[Short web captions]
§ §
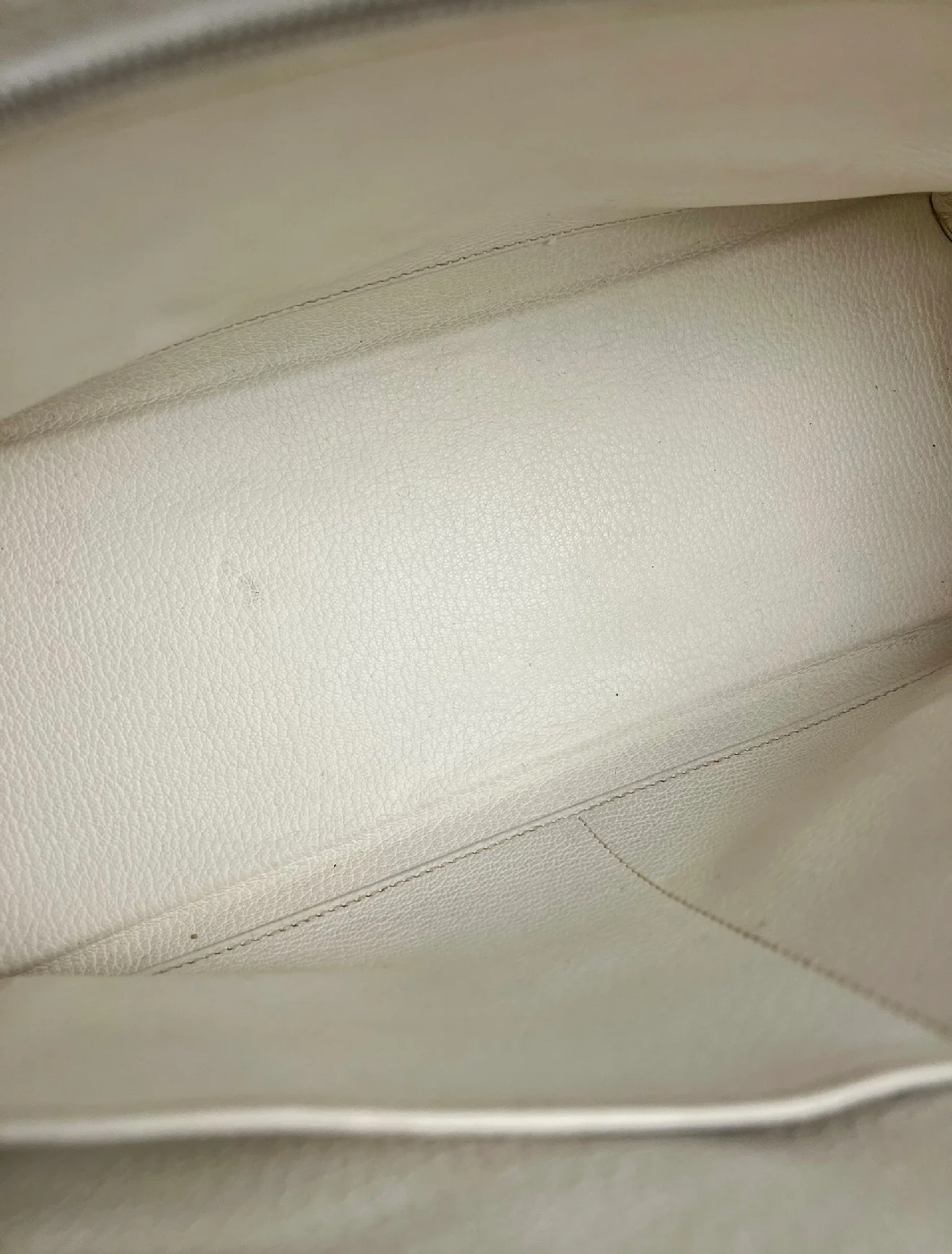 Hermes Kelly 32 White Clemence Leather Handbag 2008 - Image 27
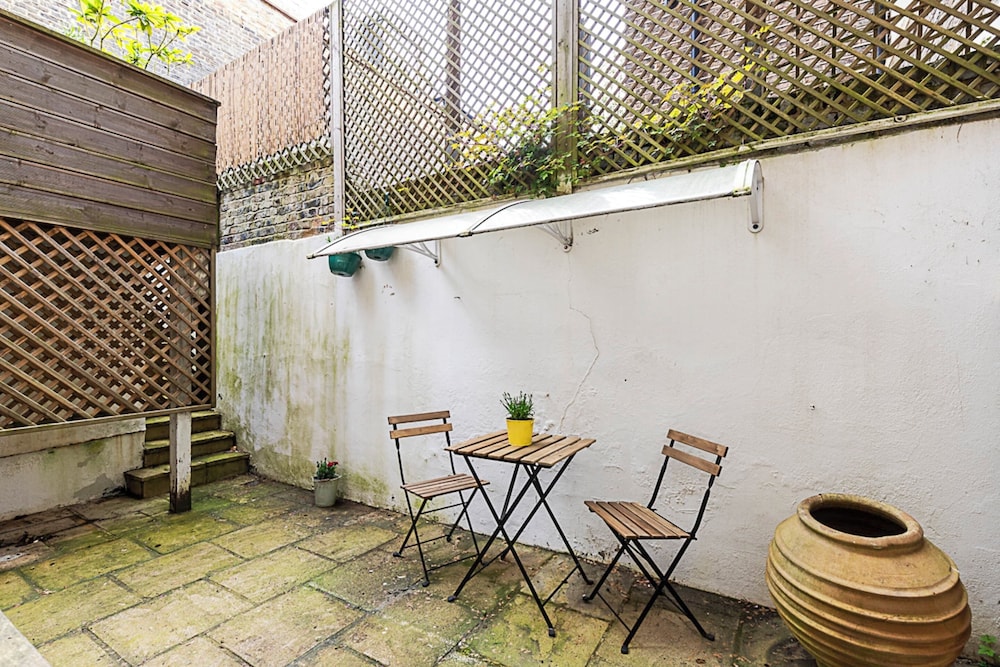 outdoor bbq area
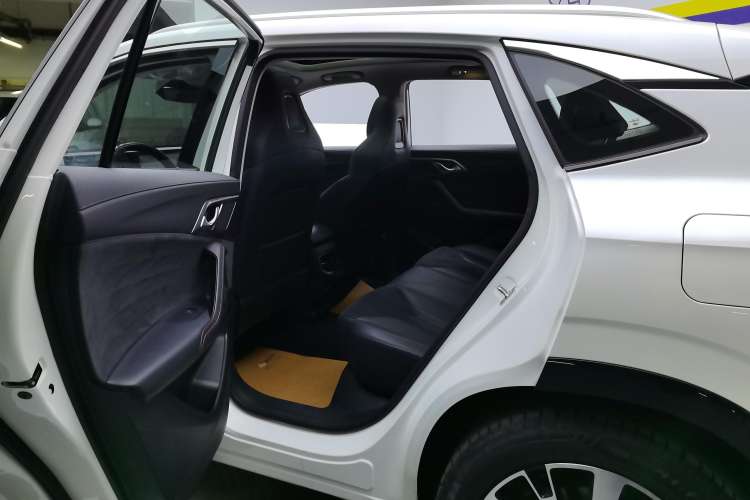 Used Roewe D5X DMH 2024 135 Tech Edition Right Rear Seat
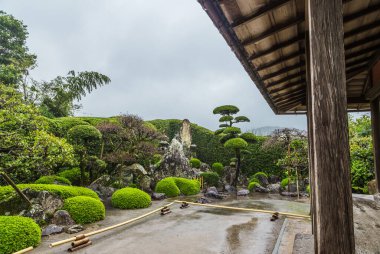 Japonya 'nın Kagoshima kentindeki Chiran Samuray bölgesinde Japon bahçesi.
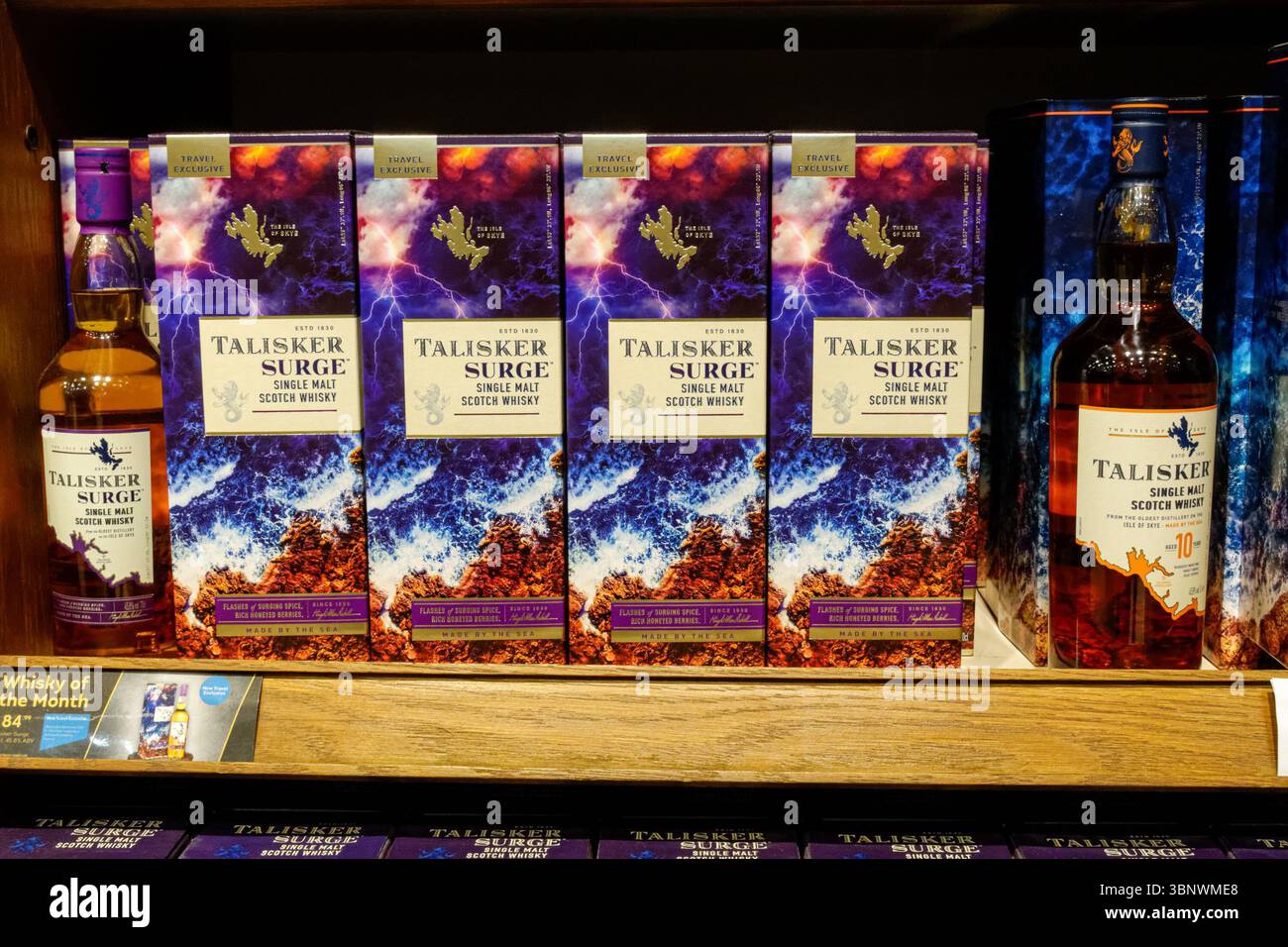 Whisky écossais single malt Talisker exposé dans la boutique World Duty Free de l'aéroport de Londres Stansted, Angleterre Royaume-Uni Banque D'Images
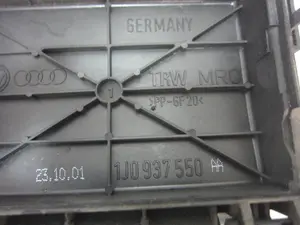 Foto de CAJA RELES / FUSIBLES VOLKSWAGEN GOLF IV BERLINA (1J1)(10.1997) 1.6 16V (105 CV / 77 KW) referencia 1J0937550 foto 2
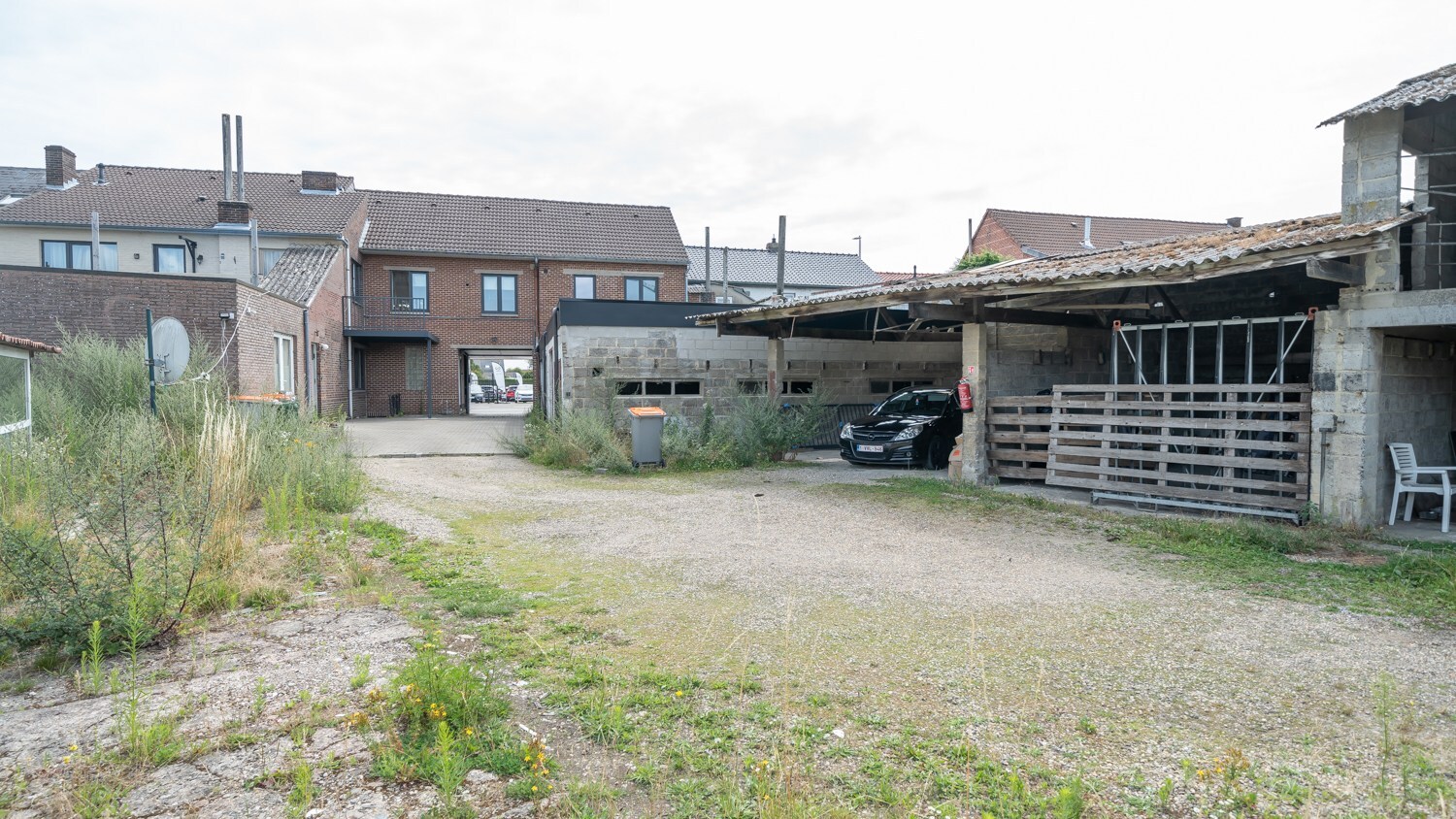 Te renoveren bergruimte + parkeerplaatsen langs doorgangsweg! 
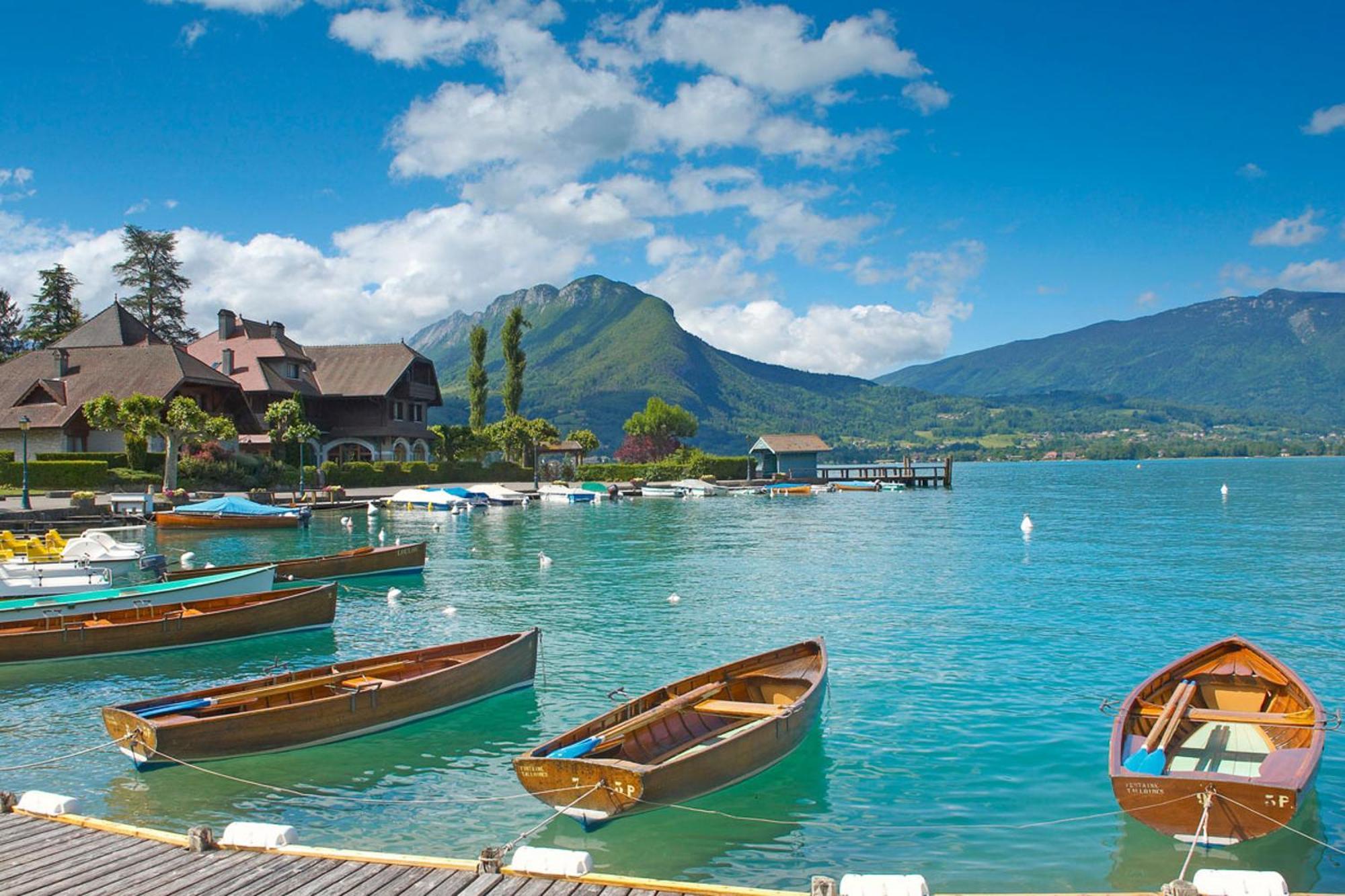 Apartment Le Bleu Du 3 Etoiles - Secteur Recherche, Calme & Familiale, A 300m Du & De La Vieille Ville, Garage Prive Annecy
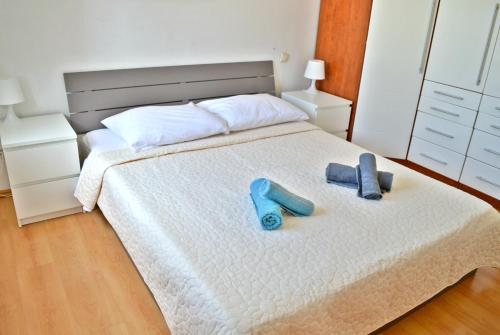 um quarto com uma cama com sapatos azuis em Sentona Apartment em Rijeka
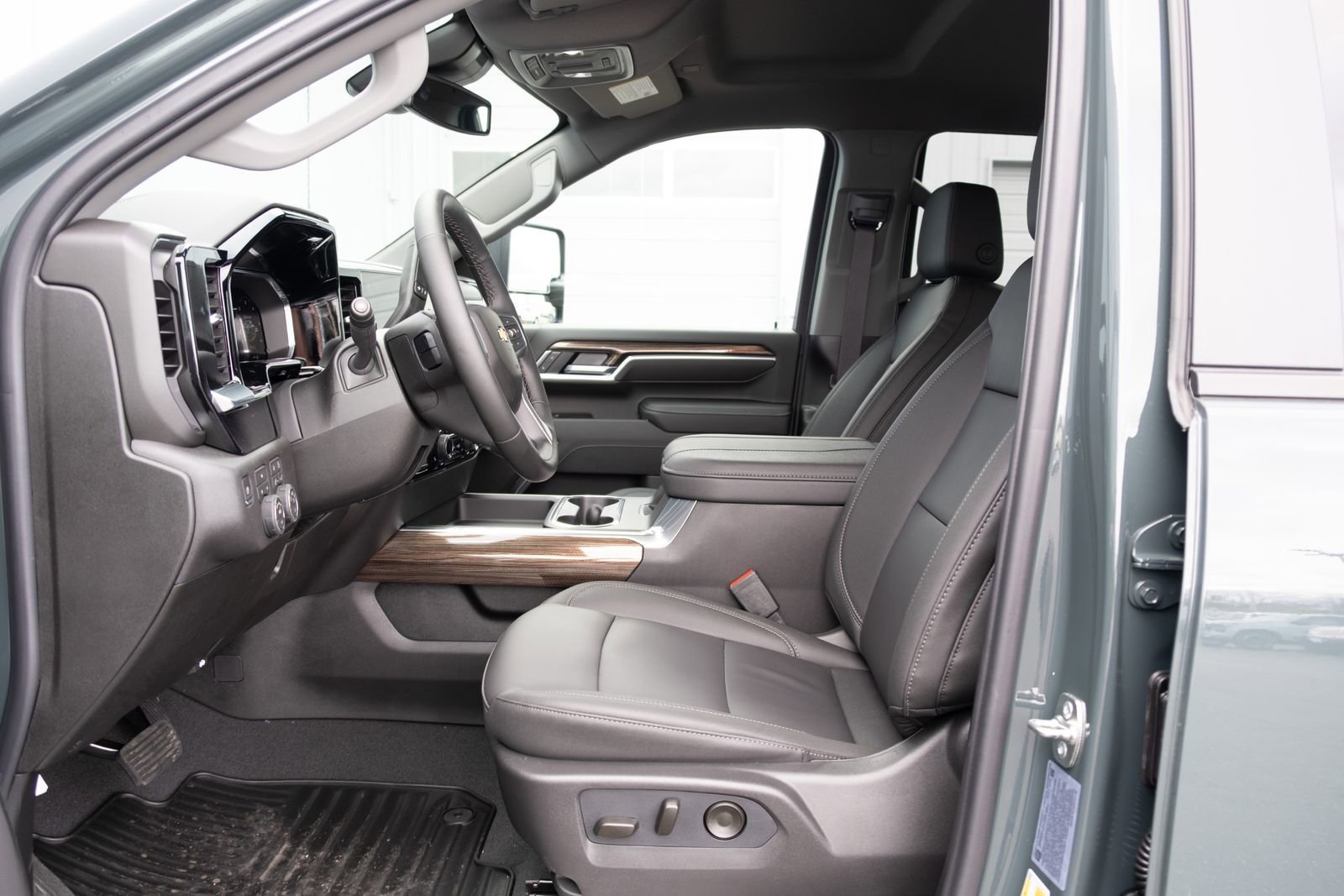 2026 Chevrolet Silverado 3500HD LT - Photo 11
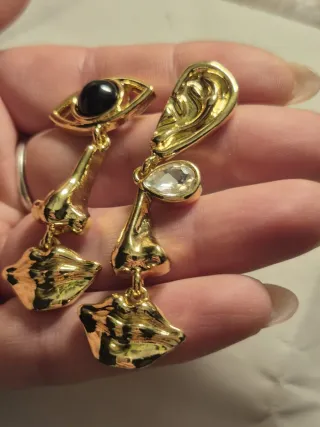 Orecchini oro occhio naso labbra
§ §
Task goal –
Beginning with the first line of the records and ending with the line that contains "Whisky écossais single", reproduce every line exactly, omitting pictures and adding nothing.

Written solution –
 Hermes Kelly 32 White Clemence Leather Handbag 2008 - Image 27
 outdoor bbq area
 Used Roewe D5X DMH 2024 135 Tech Edition Right Rear Seat
 Japonya 'nın Kagoshima kentindeki Chiran Samuray bölgesinde Japon bahçesi.
 Whisky écossais single malt Talisker exposé dans la boutique World Duty Free de l'aéroport de Londres Stansted, Angleterre Royaume-Uni Banque D'Images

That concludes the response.